**PROBLEM TO SOLVE**
Each record below should be repeated precisely as written.
[EXERCISE MATERIALS — start]
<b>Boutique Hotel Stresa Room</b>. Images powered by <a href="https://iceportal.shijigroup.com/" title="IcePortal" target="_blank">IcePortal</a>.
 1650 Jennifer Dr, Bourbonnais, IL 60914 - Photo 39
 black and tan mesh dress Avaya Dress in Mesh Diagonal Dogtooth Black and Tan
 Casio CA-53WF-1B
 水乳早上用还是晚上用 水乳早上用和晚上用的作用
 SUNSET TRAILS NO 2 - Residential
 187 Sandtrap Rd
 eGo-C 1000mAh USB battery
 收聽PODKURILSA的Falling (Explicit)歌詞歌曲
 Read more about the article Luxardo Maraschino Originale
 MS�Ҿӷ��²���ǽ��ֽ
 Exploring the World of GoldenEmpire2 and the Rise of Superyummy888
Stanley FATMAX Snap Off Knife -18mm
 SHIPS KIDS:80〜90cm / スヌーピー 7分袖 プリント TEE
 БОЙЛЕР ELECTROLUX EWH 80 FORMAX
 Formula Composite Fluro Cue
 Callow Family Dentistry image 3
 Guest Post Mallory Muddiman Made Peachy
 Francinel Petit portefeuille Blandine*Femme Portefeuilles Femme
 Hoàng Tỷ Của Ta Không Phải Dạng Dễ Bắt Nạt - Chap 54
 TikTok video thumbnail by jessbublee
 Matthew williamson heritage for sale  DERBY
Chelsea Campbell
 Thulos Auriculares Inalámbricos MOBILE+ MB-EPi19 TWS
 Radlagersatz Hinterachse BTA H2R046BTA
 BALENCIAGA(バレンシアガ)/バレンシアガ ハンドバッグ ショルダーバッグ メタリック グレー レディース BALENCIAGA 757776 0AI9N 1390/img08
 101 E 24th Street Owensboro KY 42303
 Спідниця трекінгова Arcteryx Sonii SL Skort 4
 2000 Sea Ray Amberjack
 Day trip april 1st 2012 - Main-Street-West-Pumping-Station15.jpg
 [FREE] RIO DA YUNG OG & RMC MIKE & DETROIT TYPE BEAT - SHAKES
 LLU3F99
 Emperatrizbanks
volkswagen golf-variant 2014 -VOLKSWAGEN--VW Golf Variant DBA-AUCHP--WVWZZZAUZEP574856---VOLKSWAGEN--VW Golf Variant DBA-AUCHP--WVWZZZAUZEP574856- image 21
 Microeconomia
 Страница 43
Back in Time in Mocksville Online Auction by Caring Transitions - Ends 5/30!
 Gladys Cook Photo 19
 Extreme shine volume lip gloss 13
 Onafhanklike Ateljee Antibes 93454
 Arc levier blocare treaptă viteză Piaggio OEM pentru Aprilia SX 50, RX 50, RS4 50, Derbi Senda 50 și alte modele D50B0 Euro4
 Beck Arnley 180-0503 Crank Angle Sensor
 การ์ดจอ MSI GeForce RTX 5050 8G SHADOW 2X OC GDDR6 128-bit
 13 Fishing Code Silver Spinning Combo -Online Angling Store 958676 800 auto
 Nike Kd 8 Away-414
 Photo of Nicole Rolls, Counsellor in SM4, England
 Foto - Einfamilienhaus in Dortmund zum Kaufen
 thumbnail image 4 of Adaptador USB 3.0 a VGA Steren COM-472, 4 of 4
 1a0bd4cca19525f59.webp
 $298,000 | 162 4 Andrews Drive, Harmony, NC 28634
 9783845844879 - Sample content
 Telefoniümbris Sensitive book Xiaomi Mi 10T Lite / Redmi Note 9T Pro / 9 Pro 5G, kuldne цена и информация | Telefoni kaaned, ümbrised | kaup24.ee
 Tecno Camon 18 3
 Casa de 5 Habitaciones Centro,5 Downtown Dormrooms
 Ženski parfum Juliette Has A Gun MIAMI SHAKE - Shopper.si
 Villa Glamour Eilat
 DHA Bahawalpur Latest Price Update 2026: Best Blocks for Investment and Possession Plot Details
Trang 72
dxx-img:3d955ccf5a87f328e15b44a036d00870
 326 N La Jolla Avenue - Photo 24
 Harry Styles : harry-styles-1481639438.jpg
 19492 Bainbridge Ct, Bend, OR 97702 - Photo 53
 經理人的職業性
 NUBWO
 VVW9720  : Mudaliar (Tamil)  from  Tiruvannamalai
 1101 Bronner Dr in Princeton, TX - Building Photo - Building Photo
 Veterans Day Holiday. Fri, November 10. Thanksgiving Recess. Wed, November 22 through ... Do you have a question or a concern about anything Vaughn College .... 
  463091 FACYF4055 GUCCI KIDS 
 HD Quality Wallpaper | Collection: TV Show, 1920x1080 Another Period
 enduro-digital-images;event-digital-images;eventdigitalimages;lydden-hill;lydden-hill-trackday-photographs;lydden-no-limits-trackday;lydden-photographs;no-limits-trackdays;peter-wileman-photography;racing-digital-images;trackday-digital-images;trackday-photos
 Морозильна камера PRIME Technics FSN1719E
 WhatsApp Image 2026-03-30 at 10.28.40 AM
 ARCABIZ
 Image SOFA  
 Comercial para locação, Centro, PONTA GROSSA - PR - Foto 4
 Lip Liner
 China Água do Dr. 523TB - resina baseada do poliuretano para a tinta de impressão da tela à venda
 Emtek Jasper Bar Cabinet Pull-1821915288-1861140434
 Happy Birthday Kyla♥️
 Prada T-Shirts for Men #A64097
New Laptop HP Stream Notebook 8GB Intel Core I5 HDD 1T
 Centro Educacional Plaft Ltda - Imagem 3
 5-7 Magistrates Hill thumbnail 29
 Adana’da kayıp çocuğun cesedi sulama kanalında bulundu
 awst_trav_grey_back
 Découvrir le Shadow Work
[EXERCISE MATERIALS — finish]
**RESPONSE TO THE EXERCISE**
<b>Boutique Hotel Stresa Room</b>. Images powered by <a href="https://iceportal.shijigroup.com/" title="IcePortal" target="_blank">IcePortal</a>.
 1650 Jennifer Dr, Bourbonnais, IL 60914 - Photo 39
 black and tan mesh dress Avaya Dress in Mesh Diagonal Dogtooth Black and Tan
 Casio CA-53WF-1B
 水乳早上用还是晚上用 水乳早上用和晚上用的作用
 SUNSET TRAILS NO 2 - Residential
 187 Sandtrap Rd
 eGo-C 1000mAh USB battery
 收聽PODKURILSA的Falling (Explicit)歌詞歌曲
 Read more about the article Luxardo Maraschino Originale
 MS�Ҿӷ��²���ǽ��ֽ
 Exploring the World of GoldenEmpire2 and the Rise of Superyummy888
Stanley FATMAX Snap Off Knife -18mm
 SHIPS KIDS:80〜90cm / スヌーピー 7分袖 プリント TEE
 БОЙЛЕР ELECTROLUX EWH 80 FORMAX
 Formula Composite Fluro Cue
 Callow Family Dentistry image 3
 Guest Post Mallory Muddiman Made Peachy
 Francinel Petit portefeuille Blandine*Femme Portefeuilles Femme
 Hoàng Tỷ Của Ta Không Phải Dạng Dễ Bắt Nạt - Chap 54
 TikTok video thumbnail by jessbublee
 Matthew williamson heritage for sale  DERBY
Chelsea Campbell
 Thulos Auriculares Inalámbricos MOBILE+ MB-EPi19 TWS
 Radlagersatz Hinterachse BTA H2R046BTA
 BALENCIAGA(バレンシアガ)/バレンシアガ ハンドバッグ ショルダーバッグ メタリック グレー レディース BALENCIAGA 757776 0AI9N 1390/img08
 101 E 24th Street Owensboro KY 42303
 Спідниця трекінгова Arcteryx Sonii SL Skort 4
 2000 Sea Ray Amberjack
 Day trip april 1st 2012 - Main-Street-West-Pumping-Station15.jpg
 [FREE] RIO DA YUNG OG & RMC MIKE & DETROIT TYPE BEAT - SHAKES
 LLU3F99
 Emperatrizbanks
volkswagen golf-variant 2014 -VOLKSWAGEN--VW Golf Variant DBA-AUCHP--WVWZZZAUZEP574856---VOLKSWAGEN--VW Golf Variant DBA-AUCHP--WVWZZZAUZEP574856- image 21
 Microeconomia
 Страница 43
Back in Time in Mocksville Online Auction by Caring Transitions - Ends 5/30!
 Gladys Cook Photo 19
 Extreme shine volume lip gloss 13
 Onafhanklike Ateljee Antibes 93454
 Arc levier blocare treaptă viteză Piaggio OEM pentru Aprilia SX 50, RX 50, RS4 50, Derbi Senda 50 și alte modele D50B0 Euro4
 Beck Arnley 180-0503 Crank Angle Sensor
 การ์ดจอ MSI GeForce RTX 5050 8G SHADOW 2X OC GDDR6 128-bit
 13 Fishing Code Silver Spinning Combo -Online Angling Store 958676 800 auto
 Nike Kd 8 Away-414
 Photo of Nicole Rolls, Counsellor in SM4, England
 Foto - Einfamilienhaus in Dortmund zum Kaufen
 thumbnail image 4 of Adaptador USB 3.0 a VGA Steren COM-472, 4 of 4
 1a0bd4cca19525f59.webp
 $298,000 | 162 4 Andrews Drive, Harmony, NC 28634
 9783845844879 - Sample content
 Telefoniümbris Sensitive book Xiaomi Mi 10T Lite / Redmi Note 9T Pro / 9 Pro 5G, kuldne цена и информация | Telefoni kaaned, ümbrised | kaup24.ee
 Tecno Camon 18 3
 Casa de 5 Habitaciones Centro,5 Downtown Dormrooms
 Ženski parfum Juliette Has A Gun MIAMI SHAKE - Shopper.si
 Villa Glamour Eilat
 DHA Bahawalpur Latest Price Update 2026: Best Blocks for Investment and Possession Plot Details
Trang 72
dxx-img:3d955ccf5a87f328e15b44a036d00870
 326 N La Jolla Avenue - Photo 24
 Harry Styles : harry-styles-1481639438.jpg
 19492 Bainbridge Ct, Bend, OR 97702 - Photo 53
 經理人的職業性
 NUBWO
 VVW9720  : Mudaliar (Tamil)  from  Tiruvannamalai
 1101 Bronner Dr in Princeton, TX - Building Photo - Building Photo
 Veterans Day Holiday. Fri, November 10. Thanksgiving Recess. Wed, November 22 through ... Do you have a question or a concern about anything Vaughn College .... 
  463091 FACYF4055 GUCCI KIDS 
 HD Quality Wallpaper | Collection: TV Show, 1920x1080 Another Period
 enduro-digital-images;event-digital-images;eventdigitalimages;lydden-hill;lydden-hill-trackday-photographs;lydden-no-limits-trackday;lydden-photographs;no-limits-trackdays;peter-wileman-photography;racing-digital-images;trackday-digital-images;trackday-photos
 Морозильна камера PRIME Technics FSN1719E
 WhatsApp Image 2026-03-30 at 10.28.40 AM
 ARCABIZ
 Image SOFA  
 Comercial para locação, Centro, PONTA GROSSA - PR - Foto 4
 Lip Liner
 China Água do Dr. 523TB - resina baseada do poliuretano para a tinta de impressão da tela à venda
 Emtek Jasper Bar Cabinet Pull-1821915288-1861140434
 Happy Birthday Kyla♥️
 Prada T-Shirts for Men #A64097
New Laptop HP Stream Notebook 8GB Intel Core I5 HDD 1T
 Centro Educacional Plaft Ltda - Imagem 3
 5-7 Magistrates Hill thumbnail 29
 Adana’da kayıp çocuğun cesedi sulama kanalında bulundu
 awst_trav_grey_back
 Découvrir le Shadow Work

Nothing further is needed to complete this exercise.